A prospective longitudinal study of performance status, an inflammation-based score (GPS) and survival in patients with inoperable non-small-cell lung cancer.

The value of an inflammation-based prognostic score (Glasgow Prognostic score, GPS) was compared with performance status (ECOG-ps) in a longitudinal study of patients (n=101) with inoperable non-small-cell lung cancer (NSCLC). At diagnosis, stratified for treatment, only the GPS (HR 2.32, 95% CI 1.52-3.54, P<0.001) was a significant predictor of survival. In contrast, neither the GPS nor ECOG-ps measured at 3-6 months follow-up were significant predictors of residual survival. This study confirms the prognostic value of the GPS, at diagnosis, in patients with inoperable NSCLC. However, the role of the GPS and ECOG-ps during follow-up has not been established.

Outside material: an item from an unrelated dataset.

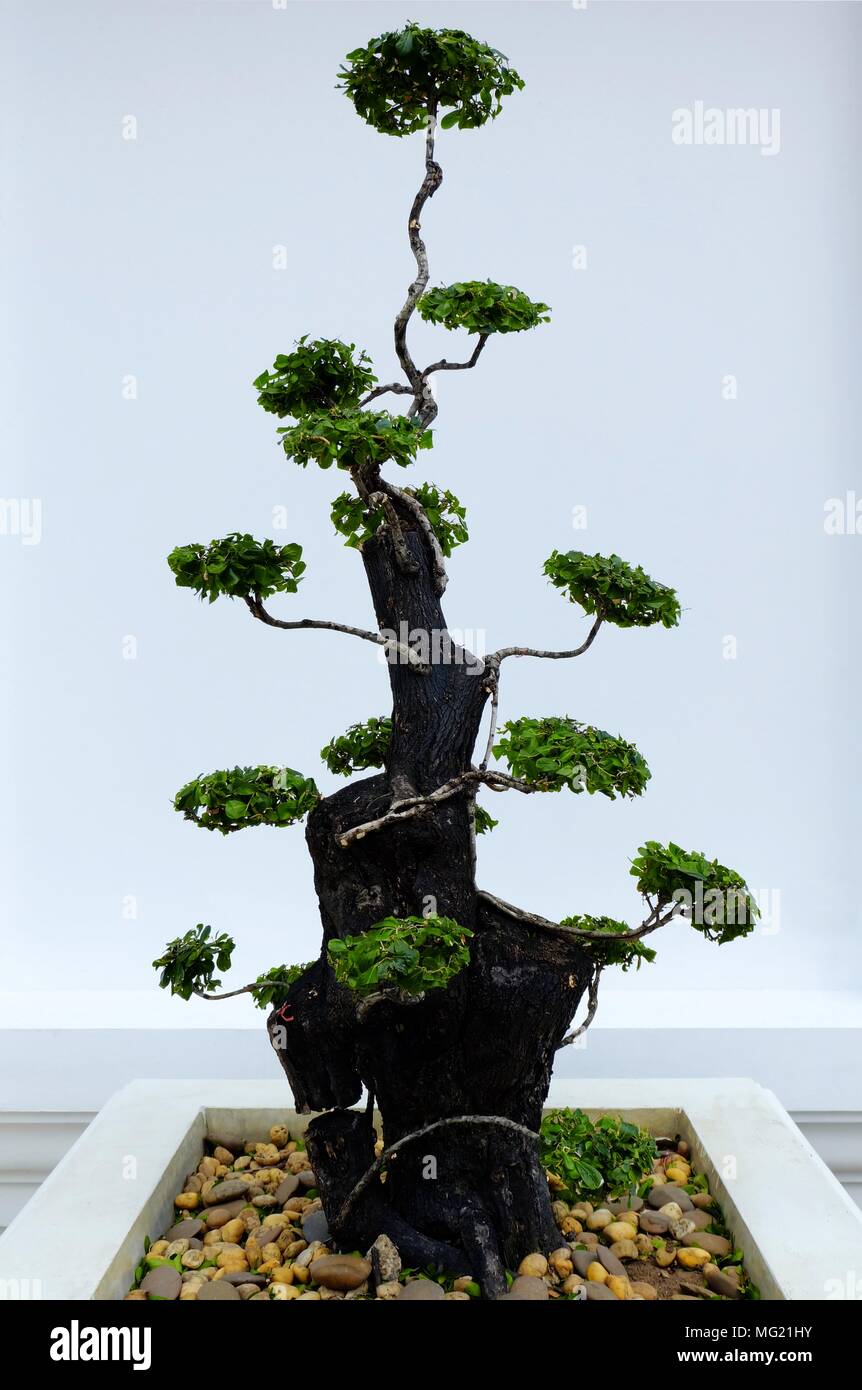 Ebony Tree. Stock Photo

Non-small-cell lung cancer (NSCLC) is the most common cause of cancer-related death in North America and Western Europe. Most patients present with advanced inoperable disease and the majority die within 12 months. Disease progression is associated with a decline in both nutritional and functional status.

There is increasing evidence that the progressive decline of patients with advanced cancer is, at least in part, secondary to the presence of a systemic inflammatory response (Kotler, 2000; Scott ). For example, it has been shown that the presence of a systemic inflammatory response, as evidenced by an elevated circulating concentration of C-reactive protein and reduced concentrations of albumin, is associated with poor survival independent of stage and performance status in a variety of common solid tumours (O'Gorman ; Scott ). Specifically, we have shown that a combination of C-reactive protein and albumin, the Glasgow Prognostic score (GPS), has prognostic value, independent of performance status, in patients with inoperable NSCLC (Forrest ; Forrest ).

In the above studies, the GPS was measured at diagnosis. To date the value of the GPS as a method of monitoring of patients with inoperable NSCLC has not been assessed. The aim of the present study was, therefore, to examine, in a longitudinal study, the prognostic value of GPS and performance status in patients with inoperable NSCLC.

PATIENTS AND METHODS

Study design

Patients presenting with inoperable NSCLC (stages III and IV) to a multidisciplinary clinic at Wishaw General Hospital, Lanarkshire between January 2002 and December 2003 were studied prospectively. All patients had cytologically or histologically confirmed disease and were staged on the basis of clinical findings, chest X-ray and, where appropriate, bronchoscopy, liver ultrasound, isotope bone scan and computerised tomography of the thorax, according to the American Thoracic Society TNM classification (Mountain, 1991).

Weight, clinical stage and performance status (Eastern Cooperative Oncology Group, ECOG-ps) were recorded at the time of diagnosis. Performance status was assessed by a respiratory physician (KD, HRS). A blood sample was also obtained, at diagnosis, for measurement of white cell count, haemoglobin, albumin and C-reactive protein concentrations. These measurements were repeated 3–6 months after diagnosis.

Following diagnosis, patients were considered to have undergone active treatment if they received chemotherapy (mainly cisplatin based) and/or radical radiotherapy. Patients receiving palliative radiotherapy and/or palliative care (symptom control) were considered to have had supportive treatment.

The study was approved by the Research Ethics Committee at Wishaw General Hospital, Lanarkshire.

Methods

Blood parameters, routine laboratory measurements of haemoglobin, white cell count, albumin and C-reactive protein concentrations were carried out. The coefficient of variation for these methods, over the range of measurement, was less than 10% as established by routine quality control procedures.

The GPS was constructed as previously described (Forrest ). Briefly, patients with both an elevated C-reactive protein (>10 mg l−1) and hypoalbuminaemia (<35 g l−1) were allocated a score of 2. Patients in whom only one of these biochemical abnormalities was present were allocated a score of 1. Patients in whom neither of these abnormalities was present were allocated a score of 0.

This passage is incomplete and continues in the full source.